# Sphere Rolling vs. Sliding Down a Ramp

1. Jan 5, 2009

### oranim2

1. The problem statement, all variables and given/known data

Let there be two spheres, of equal radius but unknown masses (mass isn't important).
Both move down a ramp of angle $$\theta$$, where $$\theta$$ can be any angle but 90 deg. or 0 deg.
The first sphere slides down the ramp with no (negligible) friction. This sphere does not roll at all.
The second sphere rolls down the ramp. This sphere does not slip, and thus, its only movement is caused by the rolling, not a sliding motion.

If both spheres are released from the same displacement up the ramp from the ramp's end, at the same time, which will reach the bottom of the ramp first?
Prove that this is so

2. Relevant equations
Moment of inertia equations. F=MA. Motion with constant acceleration equations.

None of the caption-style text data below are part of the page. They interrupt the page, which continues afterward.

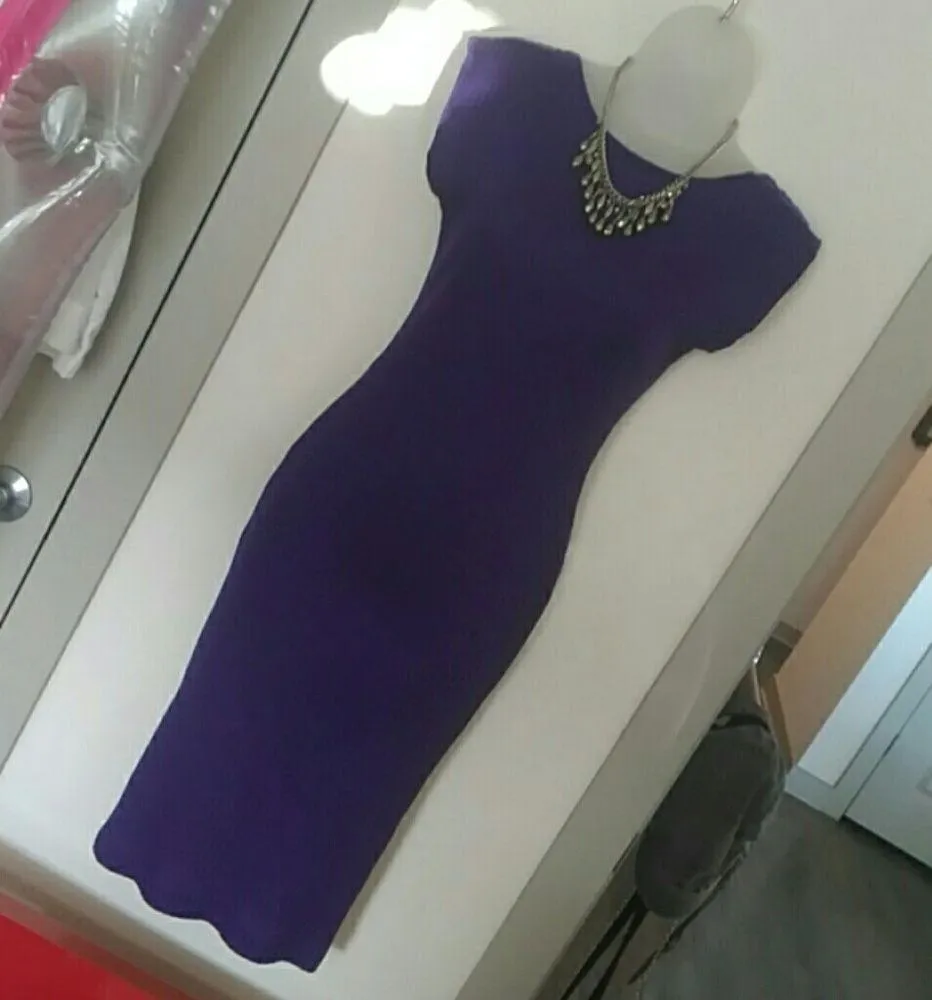 Purple scoop back cotton ribbed dress Size 6 - Image 6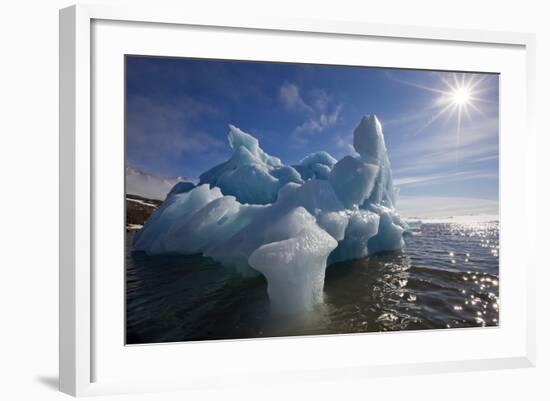 Iceberg Melting under Summer Sun in Burgerbukta Bay-Paul Souders-Framed Photographic Print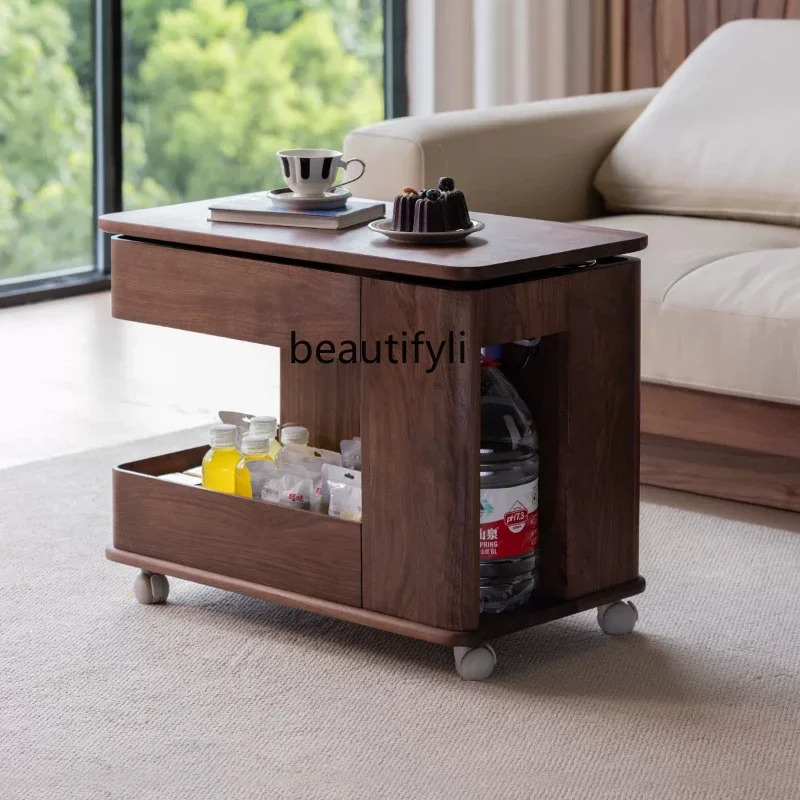 

Black walnut all solid wood cart movable lifting coffee table side table living room small apartment rotating small table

3. The attempt at a solution
I tried manipulating some of the formulas, but was not able to get very far. I didn't find a way to relate time to the rolling (not sliding) ball.

2. Jan 5, 2009

### Staff: Mentor

Compare the forces acting on each. Then apply Newton's 2nd law.

3. Jan 5, 2009

### just__curious

You can also use energy, might be easier.

4. Jan 5, 2009

### oranim2

Any other help?... I still am a bit stuck.

5. Jan 5, 2009

### jgens

Sure, lets examine the energy transformations of the sliding ball. We start out with purely potential energy; however, as the ball reaches the end of the incline, all the potential energy has subsequently been converted into kinetic energy. Hence, PE = KE.

Now apply similar logic to the rolling ball and interpret the results.